In model training, you implement different machine learning algorithms with the prepared data to train various ML models.
Essentially, model training is the process of
feeding an ML algorithm with data to help identify and learn good values for the feature set.
So, you use your data to incrementally improve your model’s predictive ability.
Model evaluation aims to estimate the generalization accuracy of a model on future, unseen, or out-of-sample data.
While training a model is a key step in the pipeline, how the model generalizes on unseen data is an equally important aspect that should be considered in every machine learning pipeline.
This means that we need to know whether the model actually works and,
consequently, if we can trust
its predictions.
Could the model be merely memorizing the data it’s fed with,
and therefore unable to make good predictions on future samples, or samples that it hasn’t seen before, such as the test set?
Model evaluation consists of a person or group of people evaluating or assessing the model with respect to some business-relevant metric, like AUC
(area under the curve) or cost-weighted error.
If the model meets their criteria, then the model is moved from the assessment phase to development.
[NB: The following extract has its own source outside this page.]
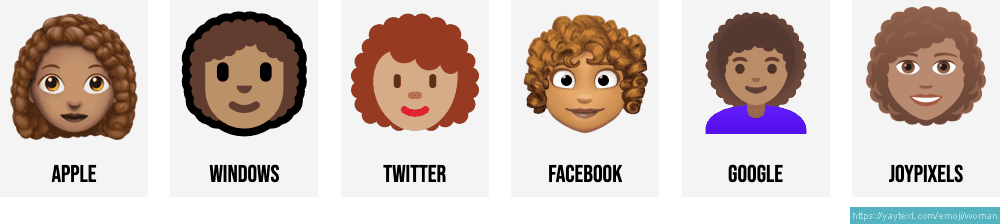 👩 Emojis de mulher (com mais de 35 cores de pele e cabelo)  👩🏻👩🏼‍🦰👩🏽‍🦱👩🏾‍🦳👩🏿‍🦲👱🏻‍♀️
For example, in the development phase, you may want to make modifications to hyperparameter values to increase the model’s performance, which correlates to improvements in evaluation results.
After development, the model is then ready for a live experiment or real-world test of the model.
In contrast to the Model Evaluation component, which is performed by humans, the Model Validation component evaluates the model against fixed thresholds and alerts engineers when things go awry.
One common test is to look at performance by slice.
Let’s say, for example, business stakeholders care strongly about
a particular geographic market region.
An alert can be set to notify engineers when the accuracy by country begins to skew downward.
The model evaluation and validation components have one responsibility:
to ensure that the models are ‘good’ before moving them into a production environment.